Fate is rolling out of bed. But the power of sadhana is having the power to shift your magnetic field, shifting the outcome of your day.
Imagine if you could reset your vibration every single morning? Well, you can through your daily practice that works for you.
3. You’ll attract better opportunities
As we begin to vibrate higher, and reset our magnetic field, we begin to access flow state. Amazing opportunities will begin to arise, physiological change might occur, and your life overall will start to improve. Yes, just from cultivating a daily sadhana practice.
I know this probably sounds crazy. But literally everything in my life changed as soon as I started a daily meditation practice.
And if you don’t believe me — ask anybody who knows me. Everyone started asking me “how are you doing what you’re doing? How are you living such an amazing life?”

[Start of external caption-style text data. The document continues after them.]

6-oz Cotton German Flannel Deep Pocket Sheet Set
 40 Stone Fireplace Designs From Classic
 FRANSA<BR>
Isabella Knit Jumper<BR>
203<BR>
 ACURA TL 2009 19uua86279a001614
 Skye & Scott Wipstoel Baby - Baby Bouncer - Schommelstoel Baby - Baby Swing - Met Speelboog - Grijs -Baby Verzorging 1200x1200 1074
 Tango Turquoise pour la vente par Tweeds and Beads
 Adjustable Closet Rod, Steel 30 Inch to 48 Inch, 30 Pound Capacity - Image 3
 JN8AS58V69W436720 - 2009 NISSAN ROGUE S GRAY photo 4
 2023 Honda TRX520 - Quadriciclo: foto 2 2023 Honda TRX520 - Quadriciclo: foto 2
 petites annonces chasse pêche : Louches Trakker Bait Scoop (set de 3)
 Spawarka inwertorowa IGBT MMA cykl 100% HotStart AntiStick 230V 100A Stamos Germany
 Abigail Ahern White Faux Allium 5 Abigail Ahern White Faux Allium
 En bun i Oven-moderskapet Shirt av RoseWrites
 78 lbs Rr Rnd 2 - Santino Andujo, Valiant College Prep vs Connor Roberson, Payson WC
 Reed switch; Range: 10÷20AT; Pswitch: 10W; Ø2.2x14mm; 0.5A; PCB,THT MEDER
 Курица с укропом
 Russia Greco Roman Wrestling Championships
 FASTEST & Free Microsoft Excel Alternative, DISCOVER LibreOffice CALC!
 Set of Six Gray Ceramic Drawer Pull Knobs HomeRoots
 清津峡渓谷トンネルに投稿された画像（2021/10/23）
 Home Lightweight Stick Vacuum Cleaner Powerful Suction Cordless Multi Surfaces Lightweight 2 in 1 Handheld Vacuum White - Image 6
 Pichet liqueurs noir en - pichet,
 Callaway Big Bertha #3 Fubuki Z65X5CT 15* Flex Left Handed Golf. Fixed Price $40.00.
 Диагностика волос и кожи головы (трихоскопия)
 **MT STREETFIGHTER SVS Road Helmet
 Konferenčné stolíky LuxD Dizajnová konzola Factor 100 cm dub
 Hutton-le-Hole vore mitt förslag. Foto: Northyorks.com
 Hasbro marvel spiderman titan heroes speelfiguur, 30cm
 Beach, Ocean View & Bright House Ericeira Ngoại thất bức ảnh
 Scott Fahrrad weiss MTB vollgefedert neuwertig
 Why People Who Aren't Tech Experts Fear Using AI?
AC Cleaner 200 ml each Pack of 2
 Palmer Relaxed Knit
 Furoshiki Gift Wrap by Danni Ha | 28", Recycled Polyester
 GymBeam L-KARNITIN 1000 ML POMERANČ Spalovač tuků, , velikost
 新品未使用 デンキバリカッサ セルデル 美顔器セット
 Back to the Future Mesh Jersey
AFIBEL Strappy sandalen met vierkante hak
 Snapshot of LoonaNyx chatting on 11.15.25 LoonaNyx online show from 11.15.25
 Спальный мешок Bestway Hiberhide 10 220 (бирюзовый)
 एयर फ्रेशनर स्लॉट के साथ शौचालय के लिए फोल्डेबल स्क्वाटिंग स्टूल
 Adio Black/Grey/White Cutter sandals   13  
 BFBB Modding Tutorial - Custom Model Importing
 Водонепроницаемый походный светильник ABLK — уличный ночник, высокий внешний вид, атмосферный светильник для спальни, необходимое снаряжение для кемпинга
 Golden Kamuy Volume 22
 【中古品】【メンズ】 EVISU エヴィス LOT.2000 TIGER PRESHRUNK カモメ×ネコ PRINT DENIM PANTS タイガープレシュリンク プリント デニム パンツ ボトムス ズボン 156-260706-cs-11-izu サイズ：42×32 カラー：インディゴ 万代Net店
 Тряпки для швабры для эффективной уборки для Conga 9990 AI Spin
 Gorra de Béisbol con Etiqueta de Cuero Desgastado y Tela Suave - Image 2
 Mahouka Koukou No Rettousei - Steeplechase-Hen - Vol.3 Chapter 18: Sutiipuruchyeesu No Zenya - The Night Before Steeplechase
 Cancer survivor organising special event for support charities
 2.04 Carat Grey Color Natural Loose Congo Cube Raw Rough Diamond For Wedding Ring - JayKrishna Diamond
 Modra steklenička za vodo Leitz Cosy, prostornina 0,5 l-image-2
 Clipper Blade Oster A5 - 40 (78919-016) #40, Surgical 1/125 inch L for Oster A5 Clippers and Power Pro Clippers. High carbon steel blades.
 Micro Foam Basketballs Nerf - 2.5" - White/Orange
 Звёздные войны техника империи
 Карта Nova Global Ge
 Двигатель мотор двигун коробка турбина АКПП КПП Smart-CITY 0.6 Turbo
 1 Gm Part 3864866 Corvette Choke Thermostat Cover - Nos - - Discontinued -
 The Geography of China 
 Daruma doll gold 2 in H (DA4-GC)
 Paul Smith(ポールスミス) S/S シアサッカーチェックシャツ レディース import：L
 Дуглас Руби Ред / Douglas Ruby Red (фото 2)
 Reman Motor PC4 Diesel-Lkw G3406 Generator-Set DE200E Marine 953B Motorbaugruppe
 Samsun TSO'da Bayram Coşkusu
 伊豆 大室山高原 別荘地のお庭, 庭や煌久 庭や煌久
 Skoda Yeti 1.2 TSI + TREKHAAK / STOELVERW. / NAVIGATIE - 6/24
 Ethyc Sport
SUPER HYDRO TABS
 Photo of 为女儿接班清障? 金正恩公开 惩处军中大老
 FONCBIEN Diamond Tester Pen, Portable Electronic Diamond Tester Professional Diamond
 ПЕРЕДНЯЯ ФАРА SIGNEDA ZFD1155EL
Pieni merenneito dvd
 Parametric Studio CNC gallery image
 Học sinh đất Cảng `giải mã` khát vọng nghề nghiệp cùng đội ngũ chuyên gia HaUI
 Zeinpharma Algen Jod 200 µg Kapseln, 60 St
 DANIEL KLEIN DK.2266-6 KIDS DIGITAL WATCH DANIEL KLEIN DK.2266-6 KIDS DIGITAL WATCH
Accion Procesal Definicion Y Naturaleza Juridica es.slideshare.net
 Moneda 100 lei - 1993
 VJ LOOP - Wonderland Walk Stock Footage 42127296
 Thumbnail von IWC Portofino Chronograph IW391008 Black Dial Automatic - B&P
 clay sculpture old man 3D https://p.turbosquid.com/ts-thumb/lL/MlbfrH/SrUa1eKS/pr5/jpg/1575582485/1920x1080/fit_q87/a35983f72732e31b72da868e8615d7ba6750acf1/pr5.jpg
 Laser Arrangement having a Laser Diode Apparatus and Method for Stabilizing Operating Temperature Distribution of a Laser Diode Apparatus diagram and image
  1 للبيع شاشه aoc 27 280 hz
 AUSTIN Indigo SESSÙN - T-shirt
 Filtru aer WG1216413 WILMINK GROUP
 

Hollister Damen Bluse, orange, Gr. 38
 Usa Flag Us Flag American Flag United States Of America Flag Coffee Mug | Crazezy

I can’t even begin to tell you how much of my life changed since beginning a committed meditation practice. I had just quit my job to travel the world, and my whole life had been turned upside down.
At the time, I didn’t know why or how my life was shifting so much.
I found myself in India a couple weeks into my travels, where I took on a sadhana practice.
And that’s when everything changed.
No matter where I was in the world, who I was with, or what I was doing, I had one thing that kept me stable every single day. And that was my morning meditation.